(Dataset content)

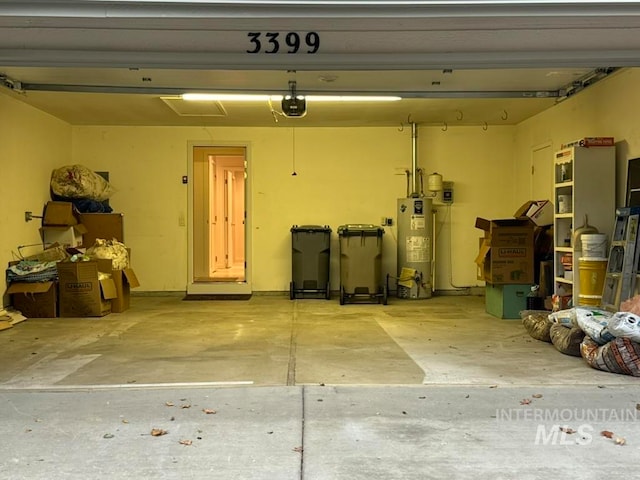 garage with water heater and a garage door opener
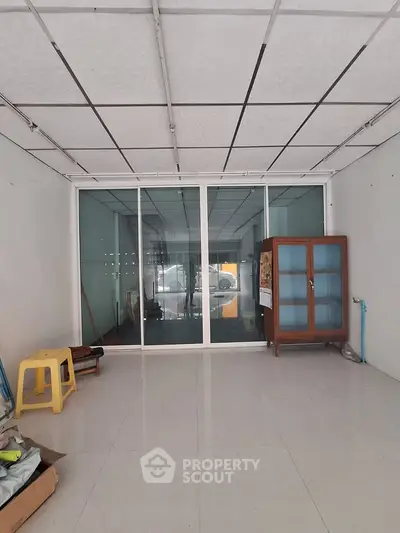 Spacious commercial space with glass partition and tiled flooring, ideal for retail or office setup.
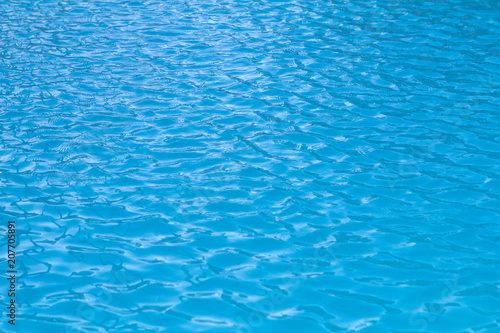 small waves and ripples on the blue water of the swimming pool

(End Dataset content)

• **Exercise goal**:
In the copy, keep every line of the data above exactly and drop each picture.

• **Result of the exercise**:
 garage with water heater and a garage door opener
 Spacious commercial space with glass partition and tiled flooring, ideal for retail or office setup.
 small waves and ripples on the blue water of the swimming pool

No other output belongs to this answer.